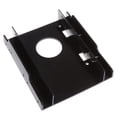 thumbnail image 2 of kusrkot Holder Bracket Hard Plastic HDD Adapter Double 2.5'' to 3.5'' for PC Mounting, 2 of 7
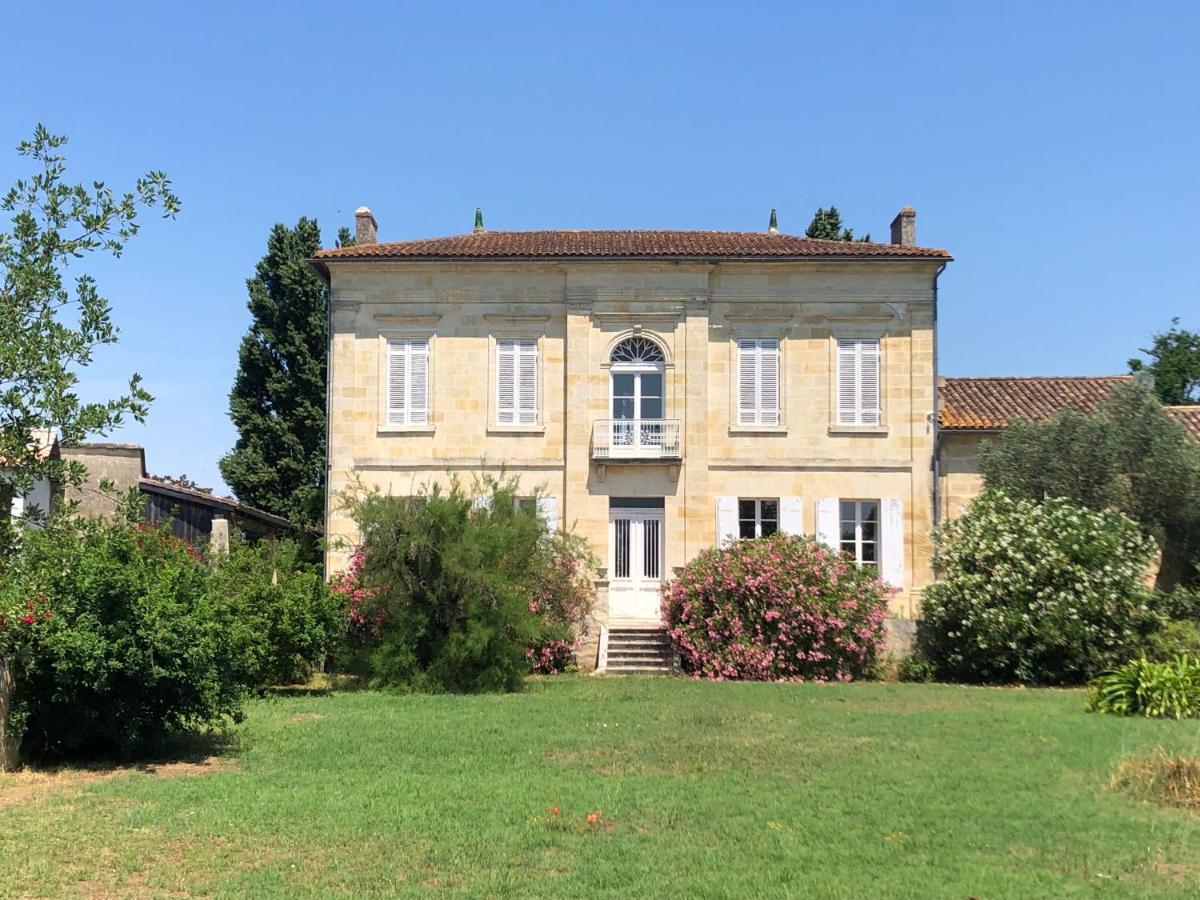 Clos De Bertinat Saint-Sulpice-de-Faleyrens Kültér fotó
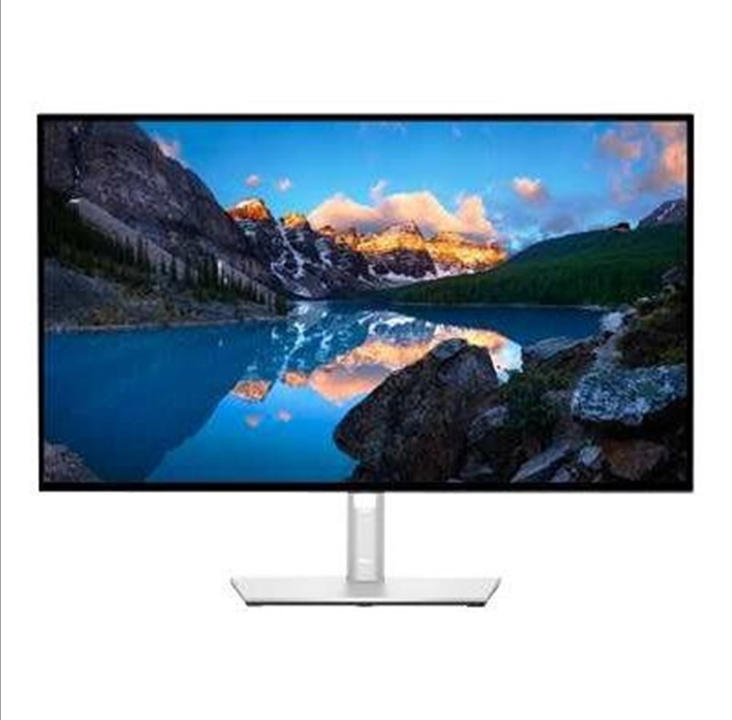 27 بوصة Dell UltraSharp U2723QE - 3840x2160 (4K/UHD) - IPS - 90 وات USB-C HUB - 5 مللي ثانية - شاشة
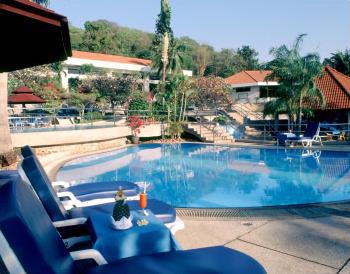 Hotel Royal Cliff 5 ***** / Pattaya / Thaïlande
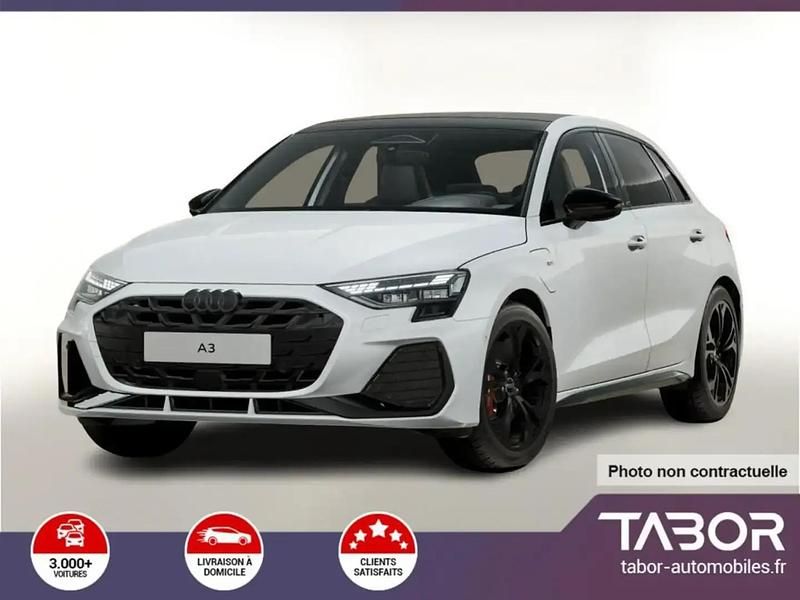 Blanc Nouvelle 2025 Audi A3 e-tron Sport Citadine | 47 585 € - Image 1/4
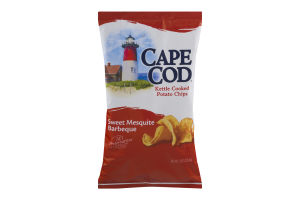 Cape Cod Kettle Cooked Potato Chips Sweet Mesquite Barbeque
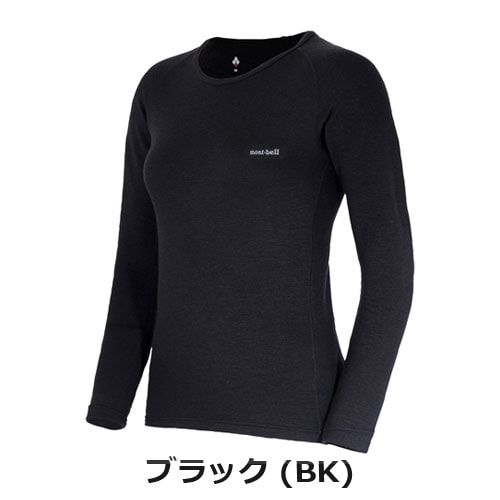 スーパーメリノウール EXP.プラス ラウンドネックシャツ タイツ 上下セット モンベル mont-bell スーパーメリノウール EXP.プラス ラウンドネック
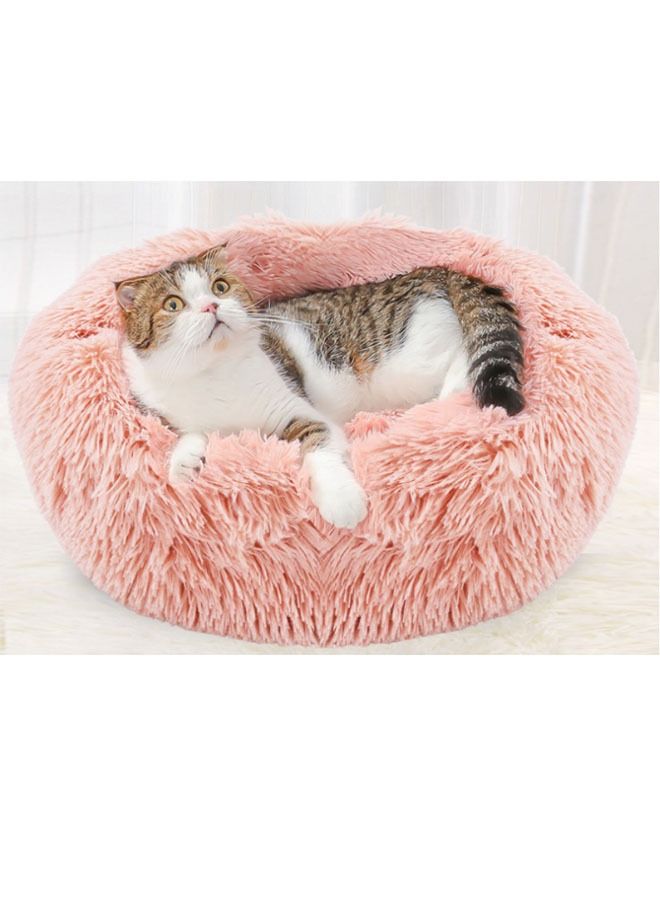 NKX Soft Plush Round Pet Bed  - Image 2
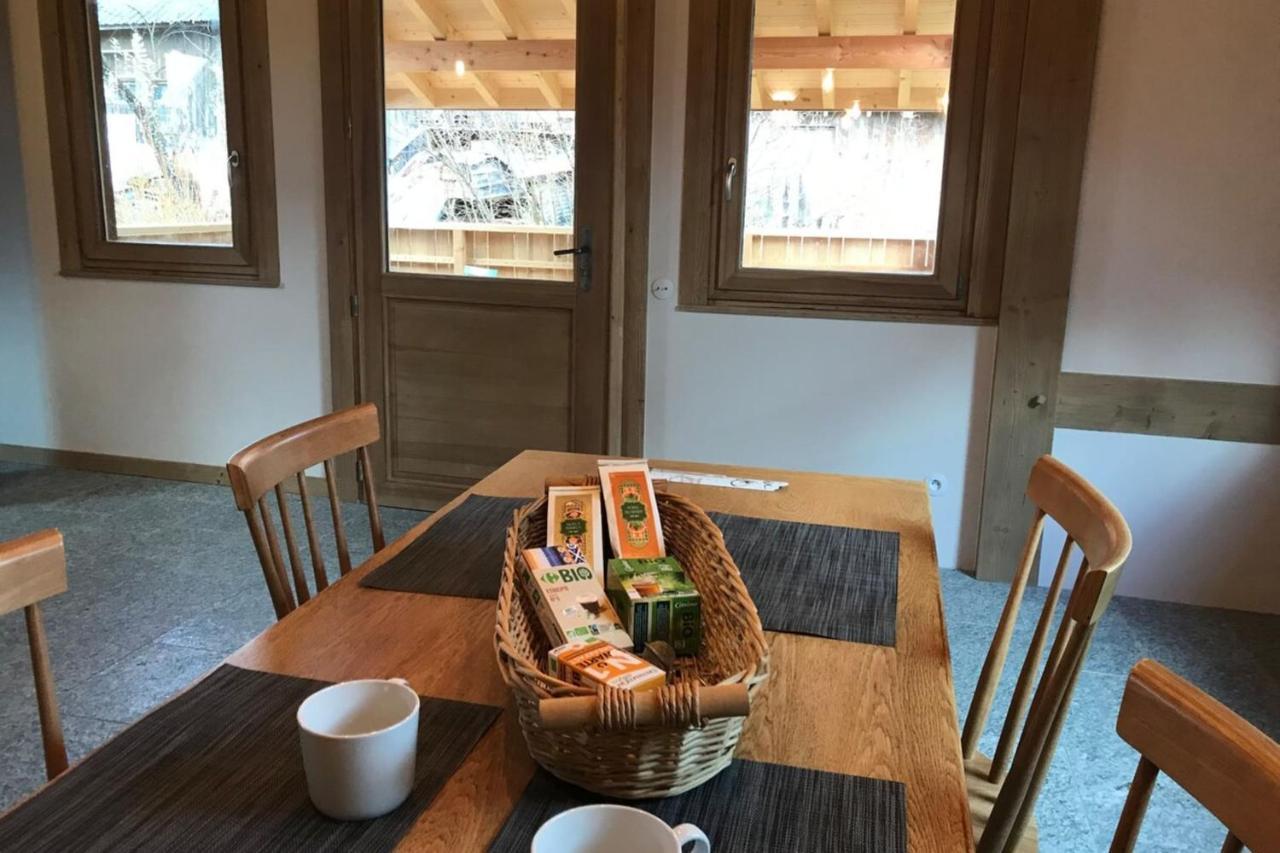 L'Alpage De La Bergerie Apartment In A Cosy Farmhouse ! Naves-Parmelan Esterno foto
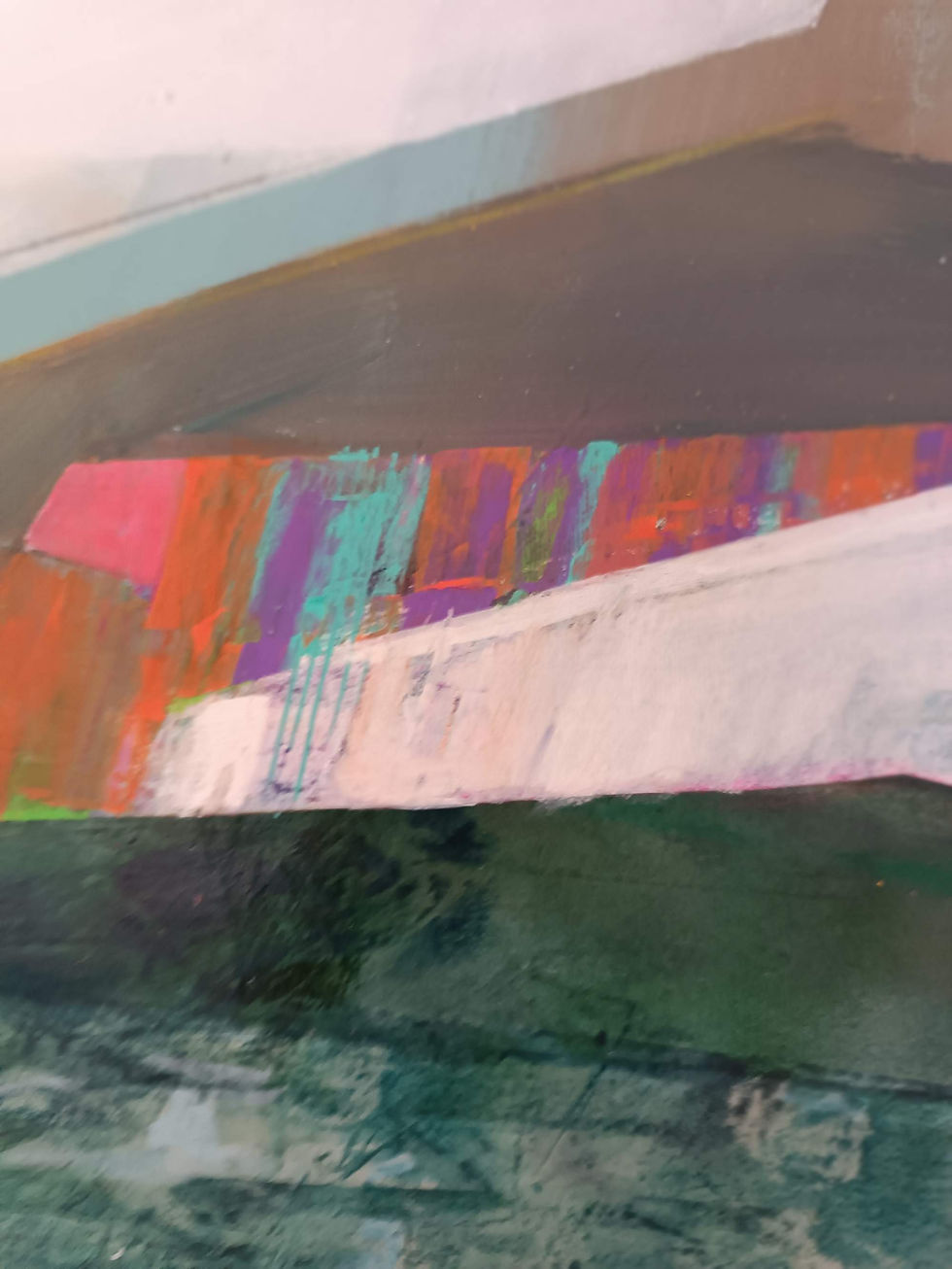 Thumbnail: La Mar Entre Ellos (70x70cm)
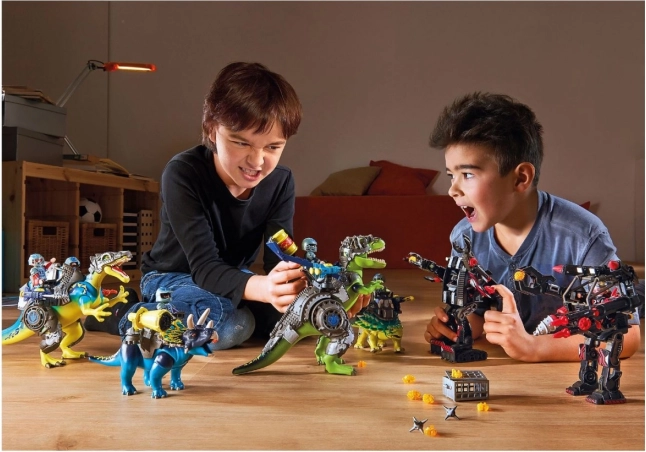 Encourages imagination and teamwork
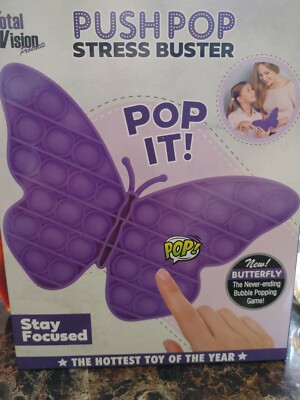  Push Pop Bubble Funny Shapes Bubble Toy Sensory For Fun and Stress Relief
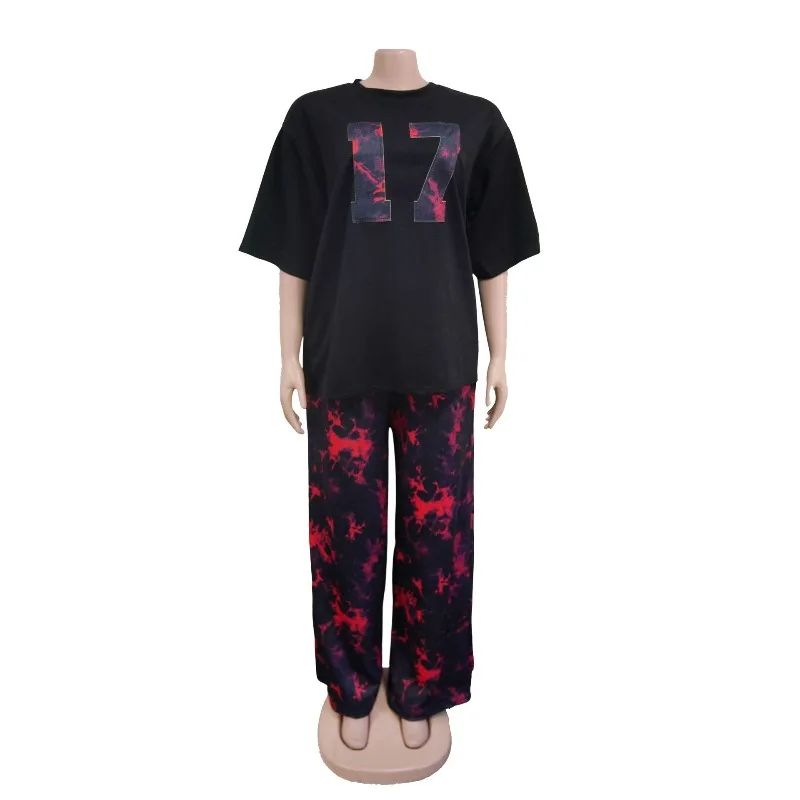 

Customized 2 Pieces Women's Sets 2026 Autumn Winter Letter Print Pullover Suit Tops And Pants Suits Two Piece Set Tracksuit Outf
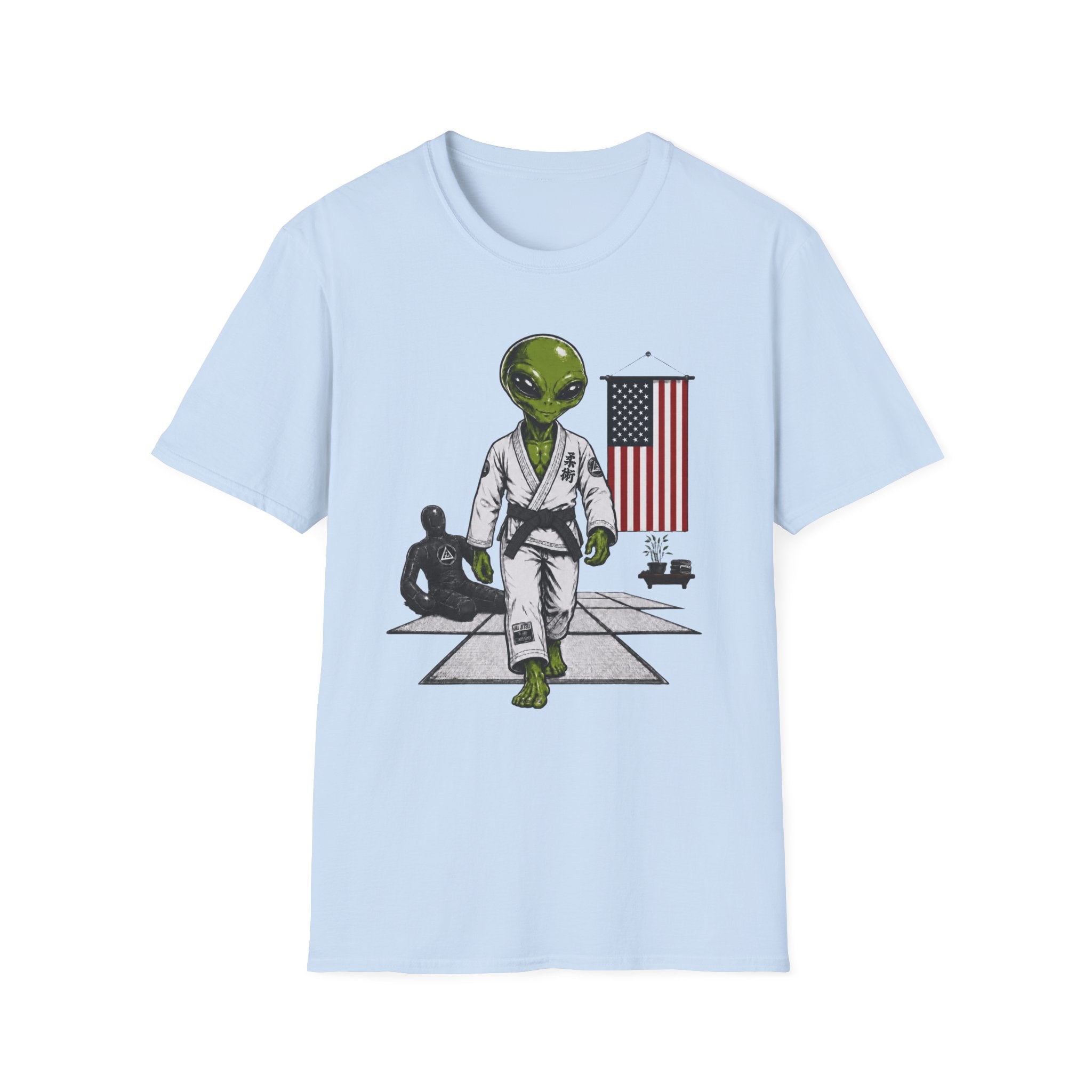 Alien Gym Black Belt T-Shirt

········

◆ EXERCISE AIM
Your task is to reproduce exactly the lines from the one that holds "Cape Cod Kettle" to the last line of the listing, and only those, omitting the pictures.

◆ ANSWER TO THE EXERCISE
 Cape Cod Kettle Cooked Potato Chips Sweet Mesquite Barbeque
 スーパーメリノウール EXP.プラス ラウンドネックシャツ タイツ 上下セット モンベル mont-bell スーパーメリノウール EXP.プラス ラウンドネック
 NKX Soft Plush Round Pet Bed  - Image 2
 L'Alpage De La Bergerie Apartment In A Cosy Farmhouse ! Naves-Parmelan Esterno foto
 Thumbnail: La Mar Entre Ellos (70x70cm)
 Encourages imagination and teamwork
  Push Pop Bubble Funny Shapes Bubble Toy Sensory For Fun and Stress Relief

Customized 2 Pieces Women's Sets 2026 Autumn Winter Letter Print Pullover Suit Tops And Pants Suits Two Piece Set Tracksuit Outf
 Alien Gym Black Belt T-Shirt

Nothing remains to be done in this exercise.